There are two big ideas about consciousness, a word that has become as weighty in importance as the God word. Some say that consciousness is an illusion caused by our brains. Others hold that consciousness is the central reality of our existence. Quite a bit hangs on this disagreement.
It’s the difference between life viewed as sealed in matter and doomed to extinction and life as transcending matter, an adventure with no end in sight.
How to answer this question? What indeed is our true nature? We have our neuroscientists, psychiatrists, philosophers, etc., to get answers from.
But besides these, we have everyday folks everywhere and their life experiences. Why is that important? Anybody might have experiences that help us answer the question.
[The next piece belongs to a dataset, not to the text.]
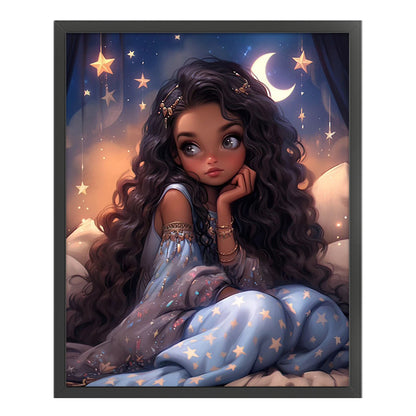 Curly Black Girl - 11CT Stamped Cross Stitch 50*60CM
We are all experts, at least with regard to our own experiences.
Our assumptions are not decisive; what is decisive are matters of fact and experience. A single experience of an individual can sometimes overthrow the opinions of whole clutches of alleged experts. For example, I don’t believe in ghosts; I know they exist because I was physically attacked by ghosts twice. I’ve written about these elsewhere; my point is that no expert is going to talk me out of believing what I know I experienced.
I’m not saying that one person’s observation or experience can overthrow a paradigm; what I am saying is that when many thousands of everyday people attest to certain claims, however unusual, the presumed guardians of truth need to pay attention.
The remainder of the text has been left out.